Évolution du marché : Fruits préparés ou conservés (CN 2008) — 2015–2025
Introduction
Ce rapport analyse l'évolution des échanges extérieurs de l'Union européenne (UE) pour le code douanier 2008, couvrant les fruits et autres parties comestibles de plantes, préparés ou conservés, sur la période 2015-2025. Les données révèlent une décennie marquée par une forte croissance des exportations, une transformation structurelle des partenaires commerciaux et une vulnérabilité accrue aux chocs d'approvisionnement. Cette évolution s'inscrit dans un contexte de hausse des prix mondiaux et de diversification des flux commerciaux. Les dynamiques observées démontrent la résilience et l'adaptation de l'industrie européenne face à des défis simultanés tels que la volatilité des marchés, la concurrence internationale et les perturbations logistiques.
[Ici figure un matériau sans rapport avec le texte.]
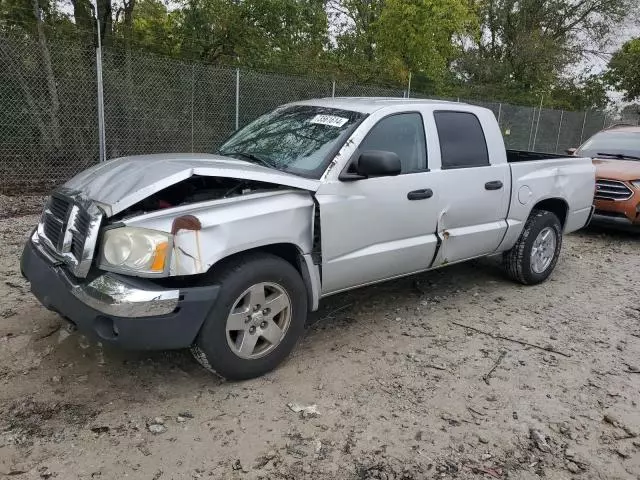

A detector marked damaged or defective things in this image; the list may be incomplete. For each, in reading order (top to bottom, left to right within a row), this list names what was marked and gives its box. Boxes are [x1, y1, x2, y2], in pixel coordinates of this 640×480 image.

crumpled hood [65, 154, 320, 216]
damaged front quarter panel [119, 189, 314, 276]
exposed wheel well [532, 199, 568, 229]
crumpled hood [592, 158, 640, 181]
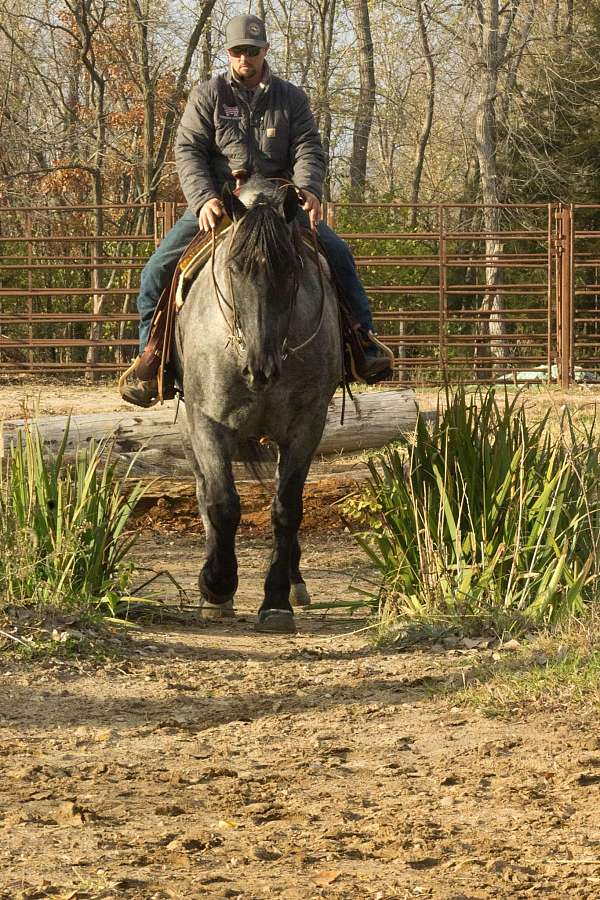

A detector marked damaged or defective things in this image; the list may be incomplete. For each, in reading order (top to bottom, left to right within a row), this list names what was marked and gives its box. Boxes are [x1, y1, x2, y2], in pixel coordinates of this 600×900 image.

rusty metal fence [0, 199, 596, 384]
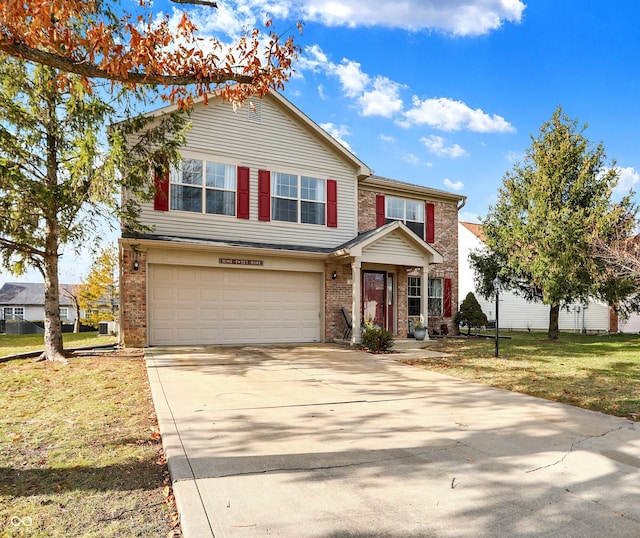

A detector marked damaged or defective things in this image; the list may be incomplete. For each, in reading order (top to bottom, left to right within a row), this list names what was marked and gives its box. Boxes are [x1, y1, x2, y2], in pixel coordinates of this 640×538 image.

crack in concrete [528, 420, 632, 472]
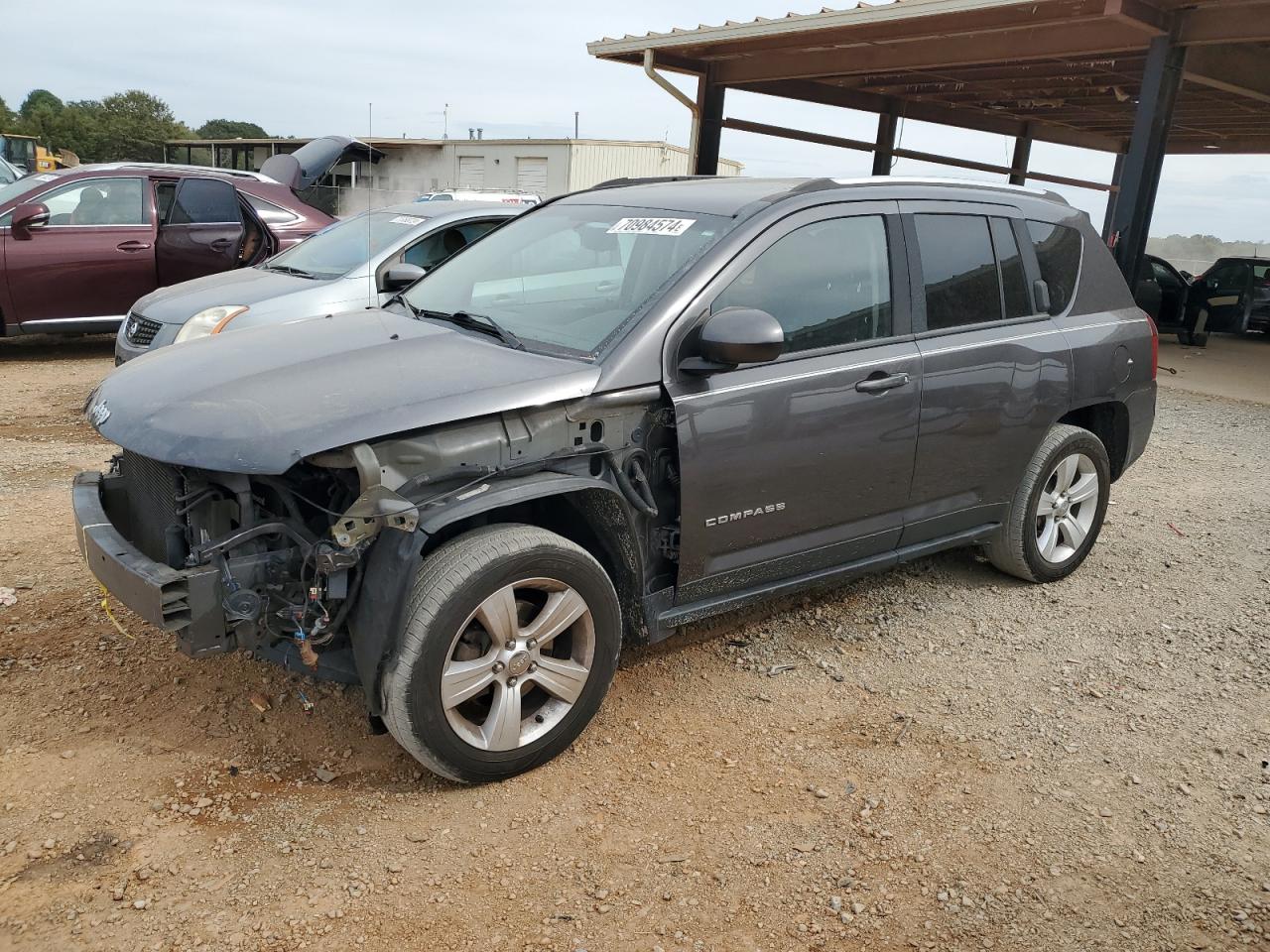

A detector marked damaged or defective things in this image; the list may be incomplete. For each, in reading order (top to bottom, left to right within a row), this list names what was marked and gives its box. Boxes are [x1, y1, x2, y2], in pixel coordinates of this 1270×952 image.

damaged front end [75, 388, 675, 695]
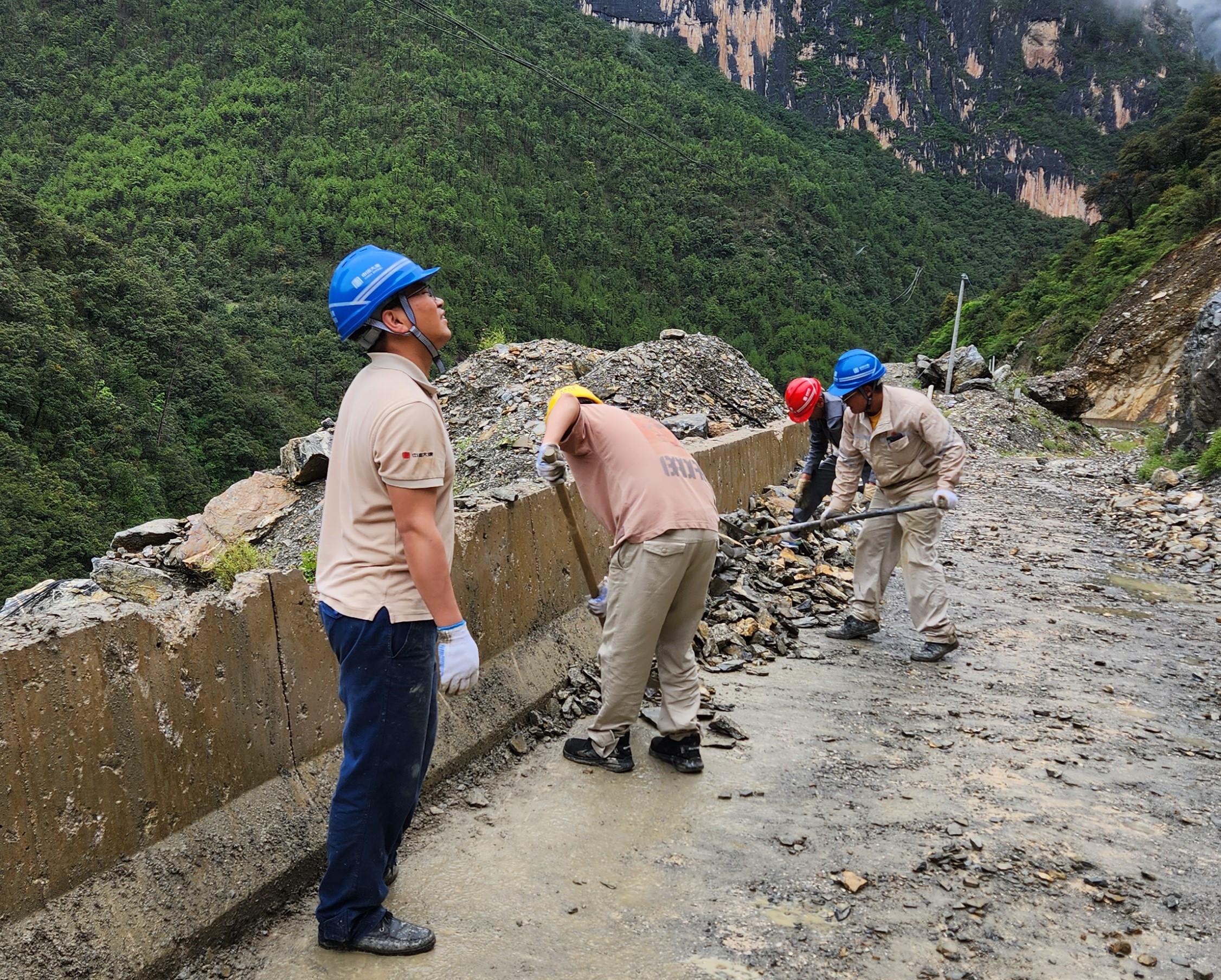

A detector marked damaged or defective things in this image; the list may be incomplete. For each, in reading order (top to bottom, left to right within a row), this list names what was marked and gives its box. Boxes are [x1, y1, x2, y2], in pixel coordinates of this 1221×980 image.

damaged road surface [201, 460, 1221, 980]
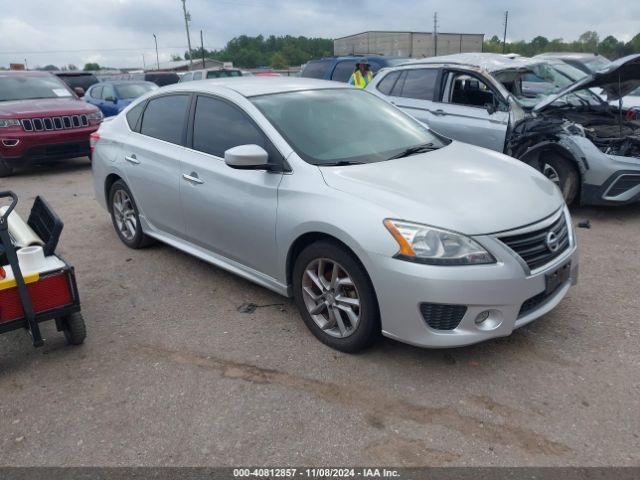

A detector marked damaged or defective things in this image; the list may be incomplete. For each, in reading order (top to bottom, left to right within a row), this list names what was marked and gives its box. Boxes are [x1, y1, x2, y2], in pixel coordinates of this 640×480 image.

damaged white suv [368, 53, 640, 206]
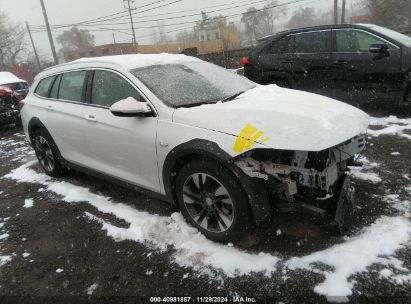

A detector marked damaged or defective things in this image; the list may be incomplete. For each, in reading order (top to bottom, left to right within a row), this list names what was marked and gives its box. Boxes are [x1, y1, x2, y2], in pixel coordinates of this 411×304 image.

front-end collision damage [235, 134, 366, 232]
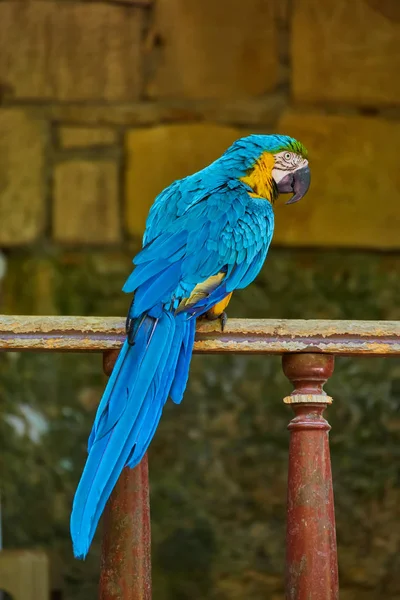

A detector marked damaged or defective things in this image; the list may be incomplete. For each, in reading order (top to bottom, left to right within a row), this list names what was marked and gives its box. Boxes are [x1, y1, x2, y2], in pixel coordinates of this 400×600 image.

rusty red post [98, 350, 152, 600]
rusty metal railing [0, 316, 400, 596]
rusty red post [282, 354, 340, 596]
Pour une vue d'ensemble complète des indicateurs macroéconomiques, consultez le tableau de bord général.
1. Une asymétrie marquée : croissance vigoureuse des exportations vs. stabilisation relative des importations
1.1. L'exportation, moteur principal de la croissance commerciale
La valeur des exportations de l'UE vers les pays tiers a connu une augmentation spectaculaire de 59,9 % sur la période, passant de 866 millions d'euros en 2015 à 1,385 milliard d'euros en 2025. Cette croissance est presque entièrement tirée par une hausse des prix moyens (+58,6 %), les volumes exportés n'ayant augmenté que modérément (+0,8 %). Cette dynamique indique une montée en gamme ou une inflation des coûts de production pour les produits européens.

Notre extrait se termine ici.